#### YOUR ASSIGNMENT
Go through the records, and copy each line in which the string "this" is present.

#### Source records
┏━━
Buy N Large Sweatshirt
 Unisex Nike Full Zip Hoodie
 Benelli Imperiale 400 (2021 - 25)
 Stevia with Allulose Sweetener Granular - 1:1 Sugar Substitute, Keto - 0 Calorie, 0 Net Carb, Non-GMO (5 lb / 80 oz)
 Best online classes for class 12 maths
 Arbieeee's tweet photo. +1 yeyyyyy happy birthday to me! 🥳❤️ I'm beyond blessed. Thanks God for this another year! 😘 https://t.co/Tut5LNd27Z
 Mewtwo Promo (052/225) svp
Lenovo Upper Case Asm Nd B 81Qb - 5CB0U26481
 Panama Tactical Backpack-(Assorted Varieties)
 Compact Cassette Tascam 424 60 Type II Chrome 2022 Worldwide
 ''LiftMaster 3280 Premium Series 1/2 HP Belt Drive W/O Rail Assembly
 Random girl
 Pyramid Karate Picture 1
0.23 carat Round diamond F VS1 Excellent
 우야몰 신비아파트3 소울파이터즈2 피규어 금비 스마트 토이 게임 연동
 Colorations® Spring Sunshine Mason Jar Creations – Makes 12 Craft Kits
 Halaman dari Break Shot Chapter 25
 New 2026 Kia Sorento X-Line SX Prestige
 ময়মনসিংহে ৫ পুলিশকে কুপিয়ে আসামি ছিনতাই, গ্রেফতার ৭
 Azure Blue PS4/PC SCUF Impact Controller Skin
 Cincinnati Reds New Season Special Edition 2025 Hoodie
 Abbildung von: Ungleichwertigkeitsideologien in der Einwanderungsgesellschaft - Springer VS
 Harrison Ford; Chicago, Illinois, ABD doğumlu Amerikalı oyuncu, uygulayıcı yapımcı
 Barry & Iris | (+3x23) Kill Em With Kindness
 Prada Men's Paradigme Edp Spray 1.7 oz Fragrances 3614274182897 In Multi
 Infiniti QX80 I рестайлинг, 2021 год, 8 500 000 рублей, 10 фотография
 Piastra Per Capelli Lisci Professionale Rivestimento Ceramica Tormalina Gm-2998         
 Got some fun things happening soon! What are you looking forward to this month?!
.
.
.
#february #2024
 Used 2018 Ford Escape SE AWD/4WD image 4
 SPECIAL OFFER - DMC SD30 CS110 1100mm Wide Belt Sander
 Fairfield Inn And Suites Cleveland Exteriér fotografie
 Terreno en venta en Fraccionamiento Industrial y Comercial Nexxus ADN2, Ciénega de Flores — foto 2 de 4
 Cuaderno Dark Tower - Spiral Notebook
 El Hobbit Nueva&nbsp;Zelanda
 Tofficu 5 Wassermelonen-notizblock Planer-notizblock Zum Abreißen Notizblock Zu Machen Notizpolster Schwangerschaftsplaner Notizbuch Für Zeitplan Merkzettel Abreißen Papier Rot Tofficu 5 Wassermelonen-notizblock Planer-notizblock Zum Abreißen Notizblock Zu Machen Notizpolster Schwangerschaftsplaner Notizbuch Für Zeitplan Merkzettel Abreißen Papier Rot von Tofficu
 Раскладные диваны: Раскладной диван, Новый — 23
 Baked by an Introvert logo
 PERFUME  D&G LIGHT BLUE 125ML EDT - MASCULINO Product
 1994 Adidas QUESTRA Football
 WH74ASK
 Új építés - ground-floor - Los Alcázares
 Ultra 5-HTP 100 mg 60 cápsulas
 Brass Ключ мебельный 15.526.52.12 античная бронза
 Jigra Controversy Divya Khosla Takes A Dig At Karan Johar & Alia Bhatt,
┗━━
#### ANSWER BELOW
 Arbieeee's tweet photo. +1 yeyyyyy happy birthday to me! 🥳❤️ I'm beyond blessed. Thanks God for this another year! 😘 https://t.co/Tut5LNd27Z
 Got some fun things happening soon! What are you looking forward to this month?!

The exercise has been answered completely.